### Exercise prompt
Which of the lines below holds the string "Large"? Copy every line that does.

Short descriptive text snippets

──────────

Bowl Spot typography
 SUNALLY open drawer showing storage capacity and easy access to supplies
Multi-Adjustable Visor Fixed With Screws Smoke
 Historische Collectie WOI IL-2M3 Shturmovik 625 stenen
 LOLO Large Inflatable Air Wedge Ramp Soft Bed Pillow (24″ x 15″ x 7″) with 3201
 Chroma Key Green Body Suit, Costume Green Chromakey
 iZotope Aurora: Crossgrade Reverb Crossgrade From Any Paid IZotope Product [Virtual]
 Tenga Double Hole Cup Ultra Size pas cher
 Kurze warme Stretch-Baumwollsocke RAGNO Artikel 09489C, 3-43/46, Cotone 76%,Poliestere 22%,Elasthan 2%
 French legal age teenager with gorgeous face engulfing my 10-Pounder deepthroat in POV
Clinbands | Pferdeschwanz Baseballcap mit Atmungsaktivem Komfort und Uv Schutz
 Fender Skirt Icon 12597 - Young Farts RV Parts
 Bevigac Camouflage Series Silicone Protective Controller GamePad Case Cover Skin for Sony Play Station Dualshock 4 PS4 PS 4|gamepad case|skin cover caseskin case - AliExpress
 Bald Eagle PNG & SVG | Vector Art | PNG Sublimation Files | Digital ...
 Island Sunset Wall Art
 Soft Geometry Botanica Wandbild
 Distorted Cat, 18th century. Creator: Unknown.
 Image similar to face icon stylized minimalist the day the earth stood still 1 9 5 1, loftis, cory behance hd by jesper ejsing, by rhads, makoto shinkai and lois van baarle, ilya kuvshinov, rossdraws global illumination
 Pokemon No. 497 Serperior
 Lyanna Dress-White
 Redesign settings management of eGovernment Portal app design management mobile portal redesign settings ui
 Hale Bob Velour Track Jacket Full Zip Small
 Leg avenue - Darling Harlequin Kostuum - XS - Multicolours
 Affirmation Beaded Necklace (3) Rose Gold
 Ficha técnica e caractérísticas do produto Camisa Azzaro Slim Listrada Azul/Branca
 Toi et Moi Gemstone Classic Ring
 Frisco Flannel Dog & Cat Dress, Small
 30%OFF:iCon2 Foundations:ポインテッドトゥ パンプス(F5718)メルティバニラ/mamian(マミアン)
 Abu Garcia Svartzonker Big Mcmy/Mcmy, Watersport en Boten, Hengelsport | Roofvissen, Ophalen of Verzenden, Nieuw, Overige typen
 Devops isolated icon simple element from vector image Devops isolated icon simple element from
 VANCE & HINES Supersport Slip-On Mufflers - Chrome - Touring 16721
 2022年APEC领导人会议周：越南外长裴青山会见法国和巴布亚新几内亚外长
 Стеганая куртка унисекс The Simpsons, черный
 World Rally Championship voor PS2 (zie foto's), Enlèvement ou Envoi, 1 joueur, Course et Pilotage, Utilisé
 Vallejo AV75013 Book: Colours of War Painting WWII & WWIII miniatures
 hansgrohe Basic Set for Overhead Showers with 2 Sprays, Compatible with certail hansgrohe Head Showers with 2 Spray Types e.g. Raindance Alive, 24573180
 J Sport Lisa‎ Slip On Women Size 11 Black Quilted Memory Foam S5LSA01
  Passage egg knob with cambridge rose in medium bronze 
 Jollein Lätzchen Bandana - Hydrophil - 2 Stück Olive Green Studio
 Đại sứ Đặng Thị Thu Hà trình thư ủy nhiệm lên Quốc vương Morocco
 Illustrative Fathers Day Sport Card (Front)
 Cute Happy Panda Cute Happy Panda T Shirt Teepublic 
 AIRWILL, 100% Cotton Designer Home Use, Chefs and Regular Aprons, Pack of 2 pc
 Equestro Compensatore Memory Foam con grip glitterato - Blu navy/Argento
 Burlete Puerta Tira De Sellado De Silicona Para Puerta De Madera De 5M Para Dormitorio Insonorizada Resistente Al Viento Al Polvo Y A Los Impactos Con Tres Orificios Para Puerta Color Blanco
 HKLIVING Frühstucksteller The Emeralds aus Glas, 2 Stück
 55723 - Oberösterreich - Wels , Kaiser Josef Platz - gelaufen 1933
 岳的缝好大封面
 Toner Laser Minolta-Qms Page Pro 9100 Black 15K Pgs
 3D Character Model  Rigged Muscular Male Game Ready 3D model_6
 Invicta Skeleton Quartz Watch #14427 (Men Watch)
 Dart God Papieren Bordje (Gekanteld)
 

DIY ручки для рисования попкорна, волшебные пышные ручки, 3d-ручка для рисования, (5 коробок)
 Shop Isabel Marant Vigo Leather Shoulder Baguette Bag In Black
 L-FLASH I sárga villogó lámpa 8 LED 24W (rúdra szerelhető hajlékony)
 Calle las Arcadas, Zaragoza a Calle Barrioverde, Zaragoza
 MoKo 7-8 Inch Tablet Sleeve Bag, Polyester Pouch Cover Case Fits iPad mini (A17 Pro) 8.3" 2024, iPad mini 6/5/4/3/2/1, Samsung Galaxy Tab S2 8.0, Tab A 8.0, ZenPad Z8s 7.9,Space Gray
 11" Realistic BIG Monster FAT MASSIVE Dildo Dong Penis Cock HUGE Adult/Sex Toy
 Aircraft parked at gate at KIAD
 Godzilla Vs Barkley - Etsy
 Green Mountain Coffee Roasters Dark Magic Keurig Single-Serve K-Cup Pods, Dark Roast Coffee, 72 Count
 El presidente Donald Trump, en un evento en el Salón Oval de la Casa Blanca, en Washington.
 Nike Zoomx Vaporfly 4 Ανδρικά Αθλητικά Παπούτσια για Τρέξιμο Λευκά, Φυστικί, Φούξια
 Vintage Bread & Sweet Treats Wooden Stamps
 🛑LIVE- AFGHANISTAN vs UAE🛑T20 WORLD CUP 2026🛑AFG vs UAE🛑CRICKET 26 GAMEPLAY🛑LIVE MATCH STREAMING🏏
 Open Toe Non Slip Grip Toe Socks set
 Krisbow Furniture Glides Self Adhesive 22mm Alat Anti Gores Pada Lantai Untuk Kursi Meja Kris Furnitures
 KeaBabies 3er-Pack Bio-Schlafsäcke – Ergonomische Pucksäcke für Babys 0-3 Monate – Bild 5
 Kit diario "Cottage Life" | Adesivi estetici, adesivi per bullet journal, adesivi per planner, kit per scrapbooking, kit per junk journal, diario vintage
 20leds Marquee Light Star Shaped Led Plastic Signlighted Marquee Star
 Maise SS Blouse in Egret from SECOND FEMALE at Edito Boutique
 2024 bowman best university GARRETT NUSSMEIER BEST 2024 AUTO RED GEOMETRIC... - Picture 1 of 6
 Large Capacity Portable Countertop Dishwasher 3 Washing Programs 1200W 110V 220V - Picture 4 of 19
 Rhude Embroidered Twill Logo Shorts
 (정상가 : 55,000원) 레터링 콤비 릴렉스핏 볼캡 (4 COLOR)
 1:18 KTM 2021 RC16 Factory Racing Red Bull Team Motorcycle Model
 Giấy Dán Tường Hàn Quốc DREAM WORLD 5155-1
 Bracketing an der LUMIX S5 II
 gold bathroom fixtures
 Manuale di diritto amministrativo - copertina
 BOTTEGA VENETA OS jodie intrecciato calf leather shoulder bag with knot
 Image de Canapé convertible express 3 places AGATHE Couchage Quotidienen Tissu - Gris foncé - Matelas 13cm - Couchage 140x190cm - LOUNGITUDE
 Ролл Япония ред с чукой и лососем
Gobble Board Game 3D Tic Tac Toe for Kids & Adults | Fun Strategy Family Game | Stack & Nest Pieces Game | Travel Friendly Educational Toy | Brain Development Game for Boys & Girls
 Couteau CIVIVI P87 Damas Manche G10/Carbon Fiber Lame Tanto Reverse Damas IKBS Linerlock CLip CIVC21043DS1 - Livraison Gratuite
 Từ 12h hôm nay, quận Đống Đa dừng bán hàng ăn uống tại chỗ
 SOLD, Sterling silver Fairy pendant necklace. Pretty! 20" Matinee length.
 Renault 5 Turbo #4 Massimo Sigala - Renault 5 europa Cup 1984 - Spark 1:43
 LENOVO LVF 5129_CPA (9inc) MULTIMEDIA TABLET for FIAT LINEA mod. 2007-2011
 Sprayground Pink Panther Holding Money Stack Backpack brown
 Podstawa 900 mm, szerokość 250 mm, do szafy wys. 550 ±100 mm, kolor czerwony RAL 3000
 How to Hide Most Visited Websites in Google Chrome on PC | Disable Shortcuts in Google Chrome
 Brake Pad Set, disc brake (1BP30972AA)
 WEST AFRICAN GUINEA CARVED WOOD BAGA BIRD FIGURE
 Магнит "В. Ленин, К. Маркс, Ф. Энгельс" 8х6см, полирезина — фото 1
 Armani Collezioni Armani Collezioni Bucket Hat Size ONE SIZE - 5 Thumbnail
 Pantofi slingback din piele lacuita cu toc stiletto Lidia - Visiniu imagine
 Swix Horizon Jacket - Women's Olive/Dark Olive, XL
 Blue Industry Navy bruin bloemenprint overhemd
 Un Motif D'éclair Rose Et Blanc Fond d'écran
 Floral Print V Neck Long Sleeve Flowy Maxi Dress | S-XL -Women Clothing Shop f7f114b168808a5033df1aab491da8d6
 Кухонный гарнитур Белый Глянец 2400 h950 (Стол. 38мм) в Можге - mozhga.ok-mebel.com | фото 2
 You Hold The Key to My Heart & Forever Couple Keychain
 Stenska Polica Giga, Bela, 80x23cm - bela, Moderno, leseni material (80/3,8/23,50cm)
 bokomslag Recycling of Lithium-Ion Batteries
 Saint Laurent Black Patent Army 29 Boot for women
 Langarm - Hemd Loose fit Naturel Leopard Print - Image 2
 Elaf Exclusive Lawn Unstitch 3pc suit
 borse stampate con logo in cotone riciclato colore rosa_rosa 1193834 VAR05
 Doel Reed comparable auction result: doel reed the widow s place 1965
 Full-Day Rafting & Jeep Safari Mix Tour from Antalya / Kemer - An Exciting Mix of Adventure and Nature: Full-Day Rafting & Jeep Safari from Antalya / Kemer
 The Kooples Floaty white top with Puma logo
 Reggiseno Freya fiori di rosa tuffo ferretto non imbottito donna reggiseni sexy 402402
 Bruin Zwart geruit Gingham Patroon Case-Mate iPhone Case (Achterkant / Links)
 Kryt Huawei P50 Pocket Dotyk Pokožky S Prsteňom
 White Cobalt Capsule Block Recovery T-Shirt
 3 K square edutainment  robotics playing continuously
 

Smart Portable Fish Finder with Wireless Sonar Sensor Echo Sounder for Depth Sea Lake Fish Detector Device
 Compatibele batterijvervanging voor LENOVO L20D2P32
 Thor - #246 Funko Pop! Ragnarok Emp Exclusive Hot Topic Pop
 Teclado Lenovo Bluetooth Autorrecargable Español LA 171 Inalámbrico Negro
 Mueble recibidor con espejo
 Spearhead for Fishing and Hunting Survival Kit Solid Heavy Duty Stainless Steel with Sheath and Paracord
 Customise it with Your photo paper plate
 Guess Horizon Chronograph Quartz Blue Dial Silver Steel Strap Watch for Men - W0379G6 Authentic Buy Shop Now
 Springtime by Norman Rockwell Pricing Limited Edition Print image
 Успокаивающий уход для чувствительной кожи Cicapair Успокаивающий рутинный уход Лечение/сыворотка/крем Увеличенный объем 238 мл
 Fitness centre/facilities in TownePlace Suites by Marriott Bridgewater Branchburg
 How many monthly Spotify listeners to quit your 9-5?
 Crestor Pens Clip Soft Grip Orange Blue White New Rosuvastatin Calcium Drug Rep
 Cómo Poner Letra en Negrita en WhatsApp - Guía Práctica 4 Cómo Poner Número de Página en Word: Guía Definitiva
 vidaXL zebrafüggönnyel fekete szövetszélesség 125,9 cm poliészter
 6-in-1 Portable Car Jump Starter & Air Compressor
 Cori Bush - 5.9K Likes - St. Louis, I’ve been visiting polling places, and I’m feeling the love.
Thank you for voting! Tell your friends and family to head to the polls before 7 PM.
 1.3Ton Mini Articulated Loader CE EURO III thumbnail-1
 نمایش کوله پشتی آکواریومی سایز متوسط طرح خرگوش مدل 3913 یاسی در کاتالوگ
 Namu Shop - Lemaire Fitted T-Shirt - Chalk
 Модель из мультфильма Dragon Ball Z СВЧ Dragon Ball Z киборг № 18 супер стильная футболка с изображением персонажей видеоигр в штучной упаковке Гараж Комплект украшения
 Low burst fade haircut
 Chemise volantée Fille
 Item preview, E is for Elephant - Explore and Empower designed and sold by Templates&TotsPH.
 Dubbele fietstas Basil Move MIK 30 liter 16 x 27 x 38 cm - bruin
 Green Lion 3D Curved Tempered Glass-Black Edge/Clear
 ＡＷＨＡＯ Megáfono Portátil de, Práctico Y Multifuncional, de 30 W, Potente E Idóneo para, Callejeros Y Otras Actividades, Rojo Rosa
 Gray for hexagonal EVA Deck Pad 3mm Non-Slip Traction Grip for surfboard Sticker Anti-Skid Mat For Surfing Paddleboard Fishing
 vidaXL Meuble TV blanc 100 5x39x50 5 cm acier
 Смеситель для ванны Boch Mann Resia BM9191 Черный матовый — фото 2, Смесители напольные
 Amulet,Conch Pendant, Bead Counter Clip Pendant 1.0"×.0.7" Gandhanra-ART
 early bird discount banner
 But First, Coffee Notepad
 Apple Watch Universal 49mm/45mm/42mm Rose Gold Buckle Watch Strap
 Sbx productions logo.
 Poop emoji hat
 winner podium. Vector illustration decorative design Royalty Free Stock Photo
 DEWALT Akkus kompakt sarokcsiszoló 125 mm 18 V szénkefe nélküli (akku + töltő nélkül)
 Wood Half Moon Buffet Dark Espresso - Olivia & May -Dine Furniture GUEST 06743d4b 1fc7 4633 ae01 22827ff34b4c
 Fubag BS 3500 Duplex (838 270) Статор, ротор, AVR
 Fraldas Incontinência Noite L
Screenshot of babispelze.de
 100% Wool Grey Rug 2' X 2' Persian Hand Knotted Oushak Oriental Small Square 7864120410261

──────────

### Task output
 LOLO Large Inflatable Air Wedge Ramp Soft Bed Pillow (24″ x 15″ x 7″) with 3201
 Large Capacity Portable Countertop Dishwasher 3 Washing Programs 1200W 110V 220V - Picture 4 of 19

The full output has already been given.